Rio's endless cycle of urban violence continues. It's refreshingly peaceful where I live, but I watched the news last night and, though it was nice to find out I could understand everything, the news was a disturbing and grim list of unnecessary deaths. Saddest story of the day: a father was having a heart attack in one of the poorer areas, and his 19-year-old son went running out frantically to get a taxi to take his dad to the hospital. Police nearby saw him commandeering a taxi, thought he was robbing the taxi driver, and shot him in the head without a moment's hesitation. Just shot him dead. It happens all the time. He was just a pizza delivery boy. A little while later the father died en route to the hospital (but, fortunately I think, without having heard of his son's death.) There was the saddest little sentence about the mother's reaction when, at the hospital after her husband had just died, she was informed of her death of her only son. "Ela passou mal" was all it said - she became ill. No shit.

Thursday, November 02, 2006

just a step away

wow... I am in Rio again... and it was so easy, I just stepped onto a plane in New York and
POP
one fuzzily sleepless night later, here am in Rio.

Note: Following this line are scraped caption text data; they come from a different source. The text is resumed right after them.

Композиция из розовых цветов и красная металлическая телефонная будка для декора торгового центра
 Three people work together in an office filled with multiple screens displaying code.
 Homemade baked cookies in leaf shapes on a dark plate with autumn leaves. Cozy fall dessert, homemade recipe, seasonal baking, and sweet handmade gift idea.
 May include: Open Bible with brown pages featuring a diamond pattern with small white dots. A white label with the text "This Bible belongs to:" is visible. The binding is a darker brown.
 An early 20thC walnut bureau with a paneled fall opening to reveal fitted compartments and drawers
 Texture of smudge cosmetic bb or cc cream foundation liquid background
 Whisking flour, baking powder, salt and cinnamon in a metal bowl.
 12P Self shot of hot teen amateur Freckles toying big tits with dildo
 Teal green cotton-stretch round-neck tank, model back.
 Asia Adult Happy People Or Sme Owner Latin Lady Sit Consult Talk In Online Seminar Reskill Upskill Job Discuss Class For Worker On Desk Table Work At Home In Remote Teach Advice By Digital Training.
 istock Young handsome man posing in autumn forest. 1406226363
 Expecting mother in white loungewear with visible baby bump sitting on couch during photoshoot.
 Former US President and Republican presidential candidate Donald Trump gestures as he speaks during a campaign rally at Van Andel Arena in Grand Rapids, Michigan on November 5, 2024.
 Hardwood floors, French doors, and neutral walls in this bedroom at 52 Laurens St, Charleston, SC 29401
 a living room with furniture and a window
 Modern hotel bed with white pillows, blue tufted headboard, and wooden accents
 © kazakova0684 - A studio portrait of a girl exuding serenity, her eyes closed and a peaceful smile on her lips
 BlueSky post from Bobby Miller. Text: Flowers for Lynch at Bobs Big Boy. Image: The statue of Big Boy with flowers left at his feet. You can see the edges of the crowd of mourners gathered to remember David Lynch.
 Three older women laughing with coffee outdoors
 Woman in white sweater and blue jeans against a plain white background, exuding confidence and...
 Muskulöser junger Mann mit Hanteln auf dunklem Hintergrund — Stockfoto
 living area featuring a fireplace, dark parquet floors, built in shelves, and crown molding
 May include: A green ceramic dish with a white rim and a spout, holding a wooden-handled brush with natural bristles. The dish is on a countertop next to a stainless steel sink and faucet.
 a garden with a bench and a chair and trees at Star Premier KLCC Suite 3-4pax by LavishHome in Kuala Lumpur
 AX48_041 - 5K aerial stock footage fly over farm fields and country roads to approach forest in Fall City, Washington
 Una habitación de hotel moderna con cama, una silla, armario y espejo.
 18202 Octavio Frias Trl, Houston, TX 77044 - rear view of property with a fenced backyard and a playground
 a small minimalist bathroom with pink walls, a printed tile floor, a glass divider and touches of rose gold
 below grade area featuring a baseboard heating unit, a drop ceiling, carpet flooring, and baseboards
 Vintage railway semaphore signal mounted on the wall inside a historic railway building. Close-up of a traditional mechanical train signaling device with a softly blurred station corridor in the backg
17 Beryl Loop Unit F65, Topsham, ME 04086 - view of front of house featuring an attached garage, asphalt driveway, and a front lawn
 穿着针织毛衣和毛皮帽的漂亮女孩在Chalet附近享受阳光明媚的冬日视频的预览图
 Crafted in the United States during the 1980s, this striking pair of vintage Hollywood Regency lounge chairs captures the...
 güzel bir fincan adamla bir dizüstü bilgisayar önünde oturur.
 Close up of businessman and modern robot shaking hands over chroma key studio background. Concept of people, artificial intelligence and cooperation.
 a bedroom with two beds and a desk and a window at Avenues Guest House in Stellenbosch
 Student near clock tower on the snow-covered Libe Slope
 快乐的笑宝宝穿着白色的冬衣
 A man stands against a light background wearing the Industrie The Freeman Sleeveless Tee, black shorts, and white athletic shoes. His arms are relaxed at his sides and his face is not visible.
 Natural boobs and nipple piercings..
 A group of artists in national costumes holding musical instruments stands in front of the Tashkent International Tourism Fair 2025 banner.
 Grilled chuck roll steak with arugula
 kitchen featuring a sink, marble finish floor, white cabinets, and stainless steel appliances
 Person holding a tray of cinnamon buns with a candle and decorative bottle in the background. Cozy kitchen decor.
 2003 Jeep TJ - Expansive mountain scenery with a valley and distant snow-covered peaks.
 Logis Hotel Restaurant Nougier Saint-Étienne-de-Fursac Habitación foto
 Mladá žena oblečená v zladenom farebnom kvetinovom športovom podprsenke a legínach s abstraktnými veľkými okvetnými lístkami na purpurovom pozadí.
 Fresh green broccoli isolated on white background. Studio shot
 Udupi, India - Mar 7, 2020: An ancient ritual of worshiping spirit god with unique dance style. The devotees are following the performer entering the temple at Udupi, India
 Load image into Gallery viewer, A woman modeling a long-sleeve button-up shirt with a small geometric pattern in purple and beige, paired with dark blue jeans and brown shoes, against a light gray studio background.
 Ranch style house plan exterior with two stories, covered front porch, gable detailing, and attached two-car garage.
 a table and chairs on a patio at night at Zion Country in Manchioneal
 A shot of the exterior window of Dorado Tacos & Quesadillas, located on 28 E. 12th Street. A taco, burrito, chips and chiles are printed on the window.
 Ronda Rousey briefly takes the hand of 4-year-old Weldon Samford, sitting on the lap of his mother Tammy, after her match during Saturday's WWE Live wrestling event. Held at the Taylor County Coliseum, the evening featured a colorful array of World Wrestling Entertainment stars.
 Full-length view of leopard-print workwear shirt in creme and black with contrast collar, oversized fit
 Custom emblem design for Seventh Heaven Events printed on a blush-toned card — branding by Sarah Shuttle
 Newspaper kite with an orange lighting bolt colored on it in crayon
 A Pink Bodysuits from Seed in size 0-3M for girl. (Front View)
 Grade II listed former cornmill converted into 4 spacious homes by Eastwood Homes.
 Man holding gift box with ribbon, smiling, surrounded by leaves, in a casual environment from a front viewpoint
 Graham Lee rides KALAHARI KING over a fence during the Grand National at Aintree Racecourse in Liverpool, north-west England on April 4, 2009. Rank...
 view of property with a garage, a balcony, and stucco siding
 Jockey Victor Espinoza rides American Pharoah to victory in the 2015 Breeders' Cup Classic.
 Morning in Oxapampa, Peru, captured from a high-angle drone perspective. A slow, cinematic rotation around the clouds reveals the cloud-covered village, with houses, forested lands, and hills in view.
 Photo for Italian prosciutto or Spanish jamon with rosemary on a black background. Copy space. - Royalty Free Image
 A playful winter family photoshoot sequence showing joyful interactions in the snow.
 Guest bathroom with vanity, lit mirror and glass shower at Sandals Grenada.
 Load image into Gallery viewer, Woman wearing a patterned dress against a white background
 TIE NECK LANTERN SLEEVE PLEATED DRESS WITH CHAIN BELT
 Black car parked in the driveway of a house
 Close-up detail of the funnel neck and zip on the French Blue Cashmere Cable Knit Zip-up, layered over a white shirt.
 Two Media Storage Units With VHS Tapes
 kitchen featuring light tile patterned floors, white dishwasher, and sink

It seems like it was just a step away. It seems like I was here just a minute ago. I have dreamed so often of walking up to Chris' apartment, and then suddenly, it was really happening, just like I had pictured: there was Chris waiting with a huge smile and a huge hug, and we hauled my stuff up the beautiful leafy walkway and up to her beautiful apartment.

I have a room of my own. I unpacked all of my stuff. This is the first time since February that I have finally fully unpacked. I took my shirts OUT of their little Eagle Creek shirt bag. I hung up my little Rio skirts. I unpacked EVERYTHING. I have been travelling for eight months solid and have rarely spent more than a week in the same bed. So I cannot express my relief and the vast sense of comfort from putting all my stuff in a room that is going to be MINE for FIVE WHOLE MONTHS. It is one clean, bright, square room with wood floors, containing one (1) bed, a closet with built-in drawers, and nothing else. I unpacked all my stuff. I UNPACKED! The sandals and bikinis, the drum pads, mallet, alfaia baquetas, my drumsticks, metronome, recorders.... the chocolate chip cookies, the baking powder. My tamborim. My pandeiro. Chris loaned me a white sheet, striped blanket, a yellow pillow, and a blue pillow. I have everything I need.

Great kiskadees were calling in the trees outside, and the most beautiful violin music was floating through the air (seems that one of the neighbors is a professional violinist), along with the ineffable mix of Rio sounds of distant trucks, children yelling in some game, and somebody banging on a pipe - there's always somebody banging on a pipe or knocking two bricks together. From the other end of the apartment, Chris chattering on the phone in Portuguese to her clients, and her cat meowing. It was so extremely relaxing. It's warm; 80's and humid, and rainy, rain pounding down outside. The air is dense of that richly familiar Rio smell, of flowers and dust and rain - I took a dozen big lungfuls of it. I couldn't get over the wonderful way it smelled. I lay down on the bed and fell instantly asleep.